Records for the exercise
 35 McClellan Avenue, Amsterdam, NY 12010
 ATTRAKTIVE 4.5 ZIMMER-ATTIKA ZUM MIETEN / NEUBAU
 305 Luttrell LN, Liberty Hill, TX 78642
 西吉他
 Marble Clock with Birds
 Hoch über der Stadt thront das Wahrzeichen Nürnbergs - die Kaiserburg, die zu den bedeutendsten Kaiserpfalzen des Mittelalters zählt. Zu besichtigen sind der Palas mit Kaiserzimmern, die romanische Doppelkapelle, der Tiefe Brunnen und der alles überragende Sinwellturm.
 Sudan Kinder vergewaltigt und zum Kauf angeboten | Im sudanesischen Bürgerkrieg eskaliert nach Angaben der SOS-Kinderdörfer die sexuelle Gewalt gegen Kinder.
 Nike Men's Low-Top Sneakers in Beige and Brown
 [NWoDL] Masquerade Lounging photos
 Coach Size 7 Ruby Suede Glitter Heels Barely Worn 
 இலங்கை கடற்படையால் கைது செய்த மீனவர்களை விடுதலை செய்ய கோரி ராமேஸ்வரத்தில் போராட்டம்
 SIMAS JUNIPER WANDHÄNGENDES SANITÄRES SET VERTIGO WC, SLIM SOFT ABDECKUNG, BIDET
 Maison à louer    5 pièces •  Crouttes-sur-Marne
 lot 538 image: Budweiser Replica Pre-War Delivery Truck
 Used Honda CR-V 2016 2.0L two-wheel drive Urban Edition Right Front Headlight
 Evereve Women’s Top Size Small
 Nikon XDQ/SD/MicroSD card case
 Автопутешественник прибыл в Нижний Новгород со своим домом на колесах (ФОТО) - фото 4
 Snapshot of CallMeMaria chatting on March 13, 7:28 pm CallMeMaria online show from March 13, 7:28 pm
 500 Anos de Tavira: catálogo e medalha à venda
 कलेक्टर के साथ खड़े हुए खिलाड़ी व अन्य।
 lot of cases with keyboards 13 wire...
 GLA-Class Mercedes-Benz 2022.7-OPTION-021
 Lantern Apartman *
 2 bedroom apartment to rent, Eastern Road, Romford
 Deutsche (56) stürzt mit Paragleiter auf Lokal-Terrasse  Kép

Task description
Both the line containing "Nikon XDQ/SD/MicroSD card case" and the line containing "Snapshot of CallMeMaria" belong in the answer. Print them and every line above that falls between them exactly, and no others.

Solution to this problem
 Nikon XDQ/SD/MicroSD card case
 Автопутешественник прибыл в Нижний Новгород со своим домом на колесах (ФОТО) - фото 4
 Snapshot of CallMeMaria chatting on March 13, 7:28 pm CallMeMaria online show from March 13, 7:28 pm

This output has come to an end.